DECamds User's Guide

Document revision date: 30 March 2001

DECamds User's Guide

Contents

Index

5.2.2 Customizing Events

You can define criteria by which specific events are qualified for your attention. For example, you can refine the global filtering by also defining that DSKRWT event (high disk device Rwait count) must pass your specifications before being considered an event worth displaying or logging. To define specific event criteria, perform the following steps:

Choose Customize Events from the Customize menu in the Event Log window. Figure 5-4 shows the Customize Events dialog box that appears.
Figure 5-4 Customize Events Dialog Box
Double-click on an event that you want to customize. A dialog box appears with the event you select. The dialog box also contains an explanation of what might cause this event to occur. Figure 5-5 shows the LOWSQU Event Customization window.
Figure 5-5 LOWSQU Event Customization Window

Figure 5-5 shows the values you can set in any Event Customization window. To change the value of an option, click on an option and then use the arrow buttons to increase or decrease the value. A higher number indicates a more severe event.
Modify the settings that will apply to the current session. To save these settings from session to session, choose Save Event Customizations from the Customize menu in the Event Log window.

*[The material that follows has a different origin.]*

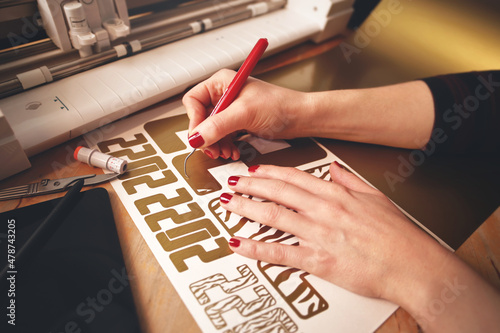 woman with red painted nails removes excess material with weeding tool to make 2022 tiger design stickers from gold vinyl foil. workplace with cutting machine, tools, tablet computer. selective focus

The following sections describe the event customization options.

Severity Option

Severity is the relative importance of an event. Events with a high severity must also exceed threshold settings before an event can be signaled for display or logging.

Occurrence Option

Each DECamds event is assigned an occurrence value, that is, the number of consecutive data samples that must exceed the event threshold before the event is signaled. By default, events have low occurrence values. However, you might find that a certain event only indicates a problem when it occurs repeatedly for an extended period. You can change the occurrence value assigned to that event so that DECamds signals it only when necessary.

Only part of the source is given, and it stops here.